Records for the exercise

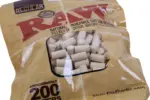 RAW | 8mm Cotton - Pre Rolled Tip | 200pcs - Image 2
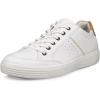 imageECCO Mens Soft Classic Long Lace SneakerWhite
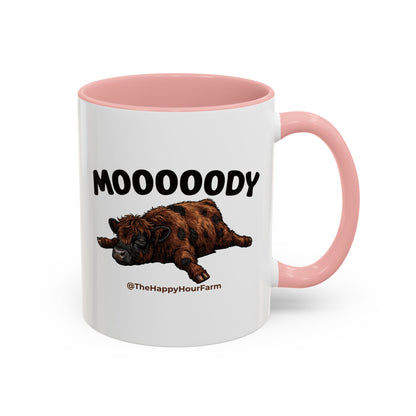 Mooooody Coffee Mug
---
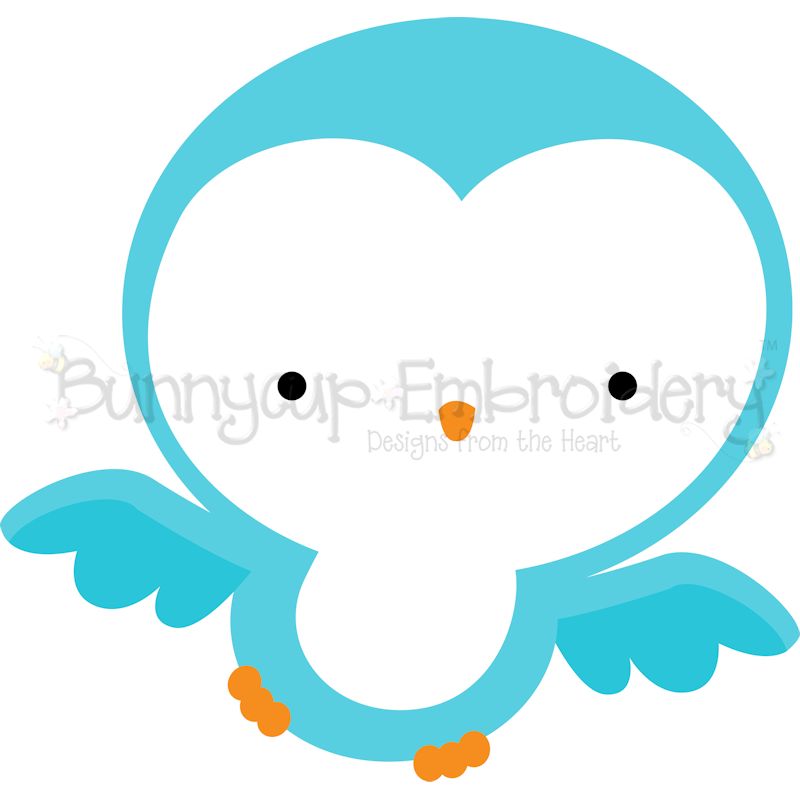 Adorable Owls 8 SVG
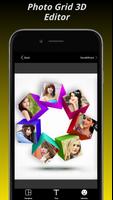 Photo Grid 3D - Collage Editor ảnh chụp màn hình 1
* * *
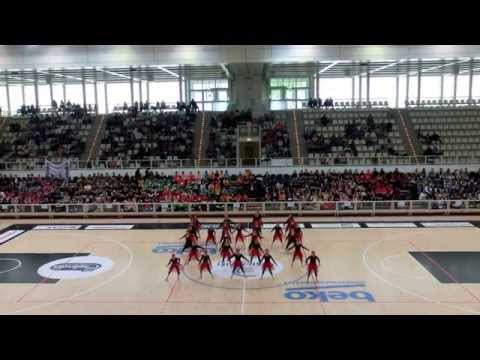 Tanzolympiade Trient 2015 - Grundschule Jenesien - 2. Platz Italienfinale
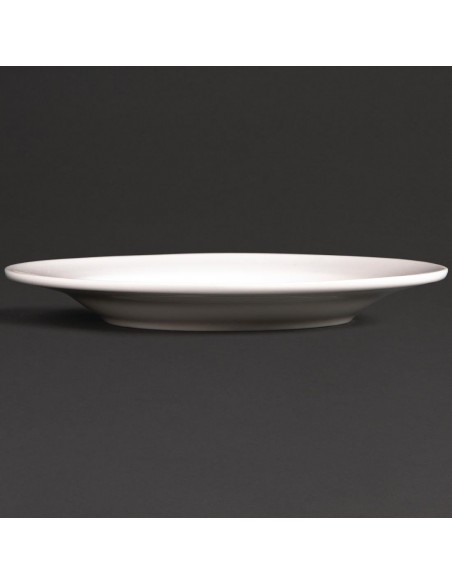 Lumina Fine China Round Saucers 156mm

What is required
Print an exact copy of the lines above, from the one containing "RAW | 8mm Cotton" through the one containing "Mooooody Coffee Mug", and leave out the pictures.

Exercise result
 RAW | 8mm Cotton - Pre Rolled Tip | 200pcs - Image 2
 imageECCO Mens Soft Classic Long Lace SneakerWhite
 Mooooody Coffee Mug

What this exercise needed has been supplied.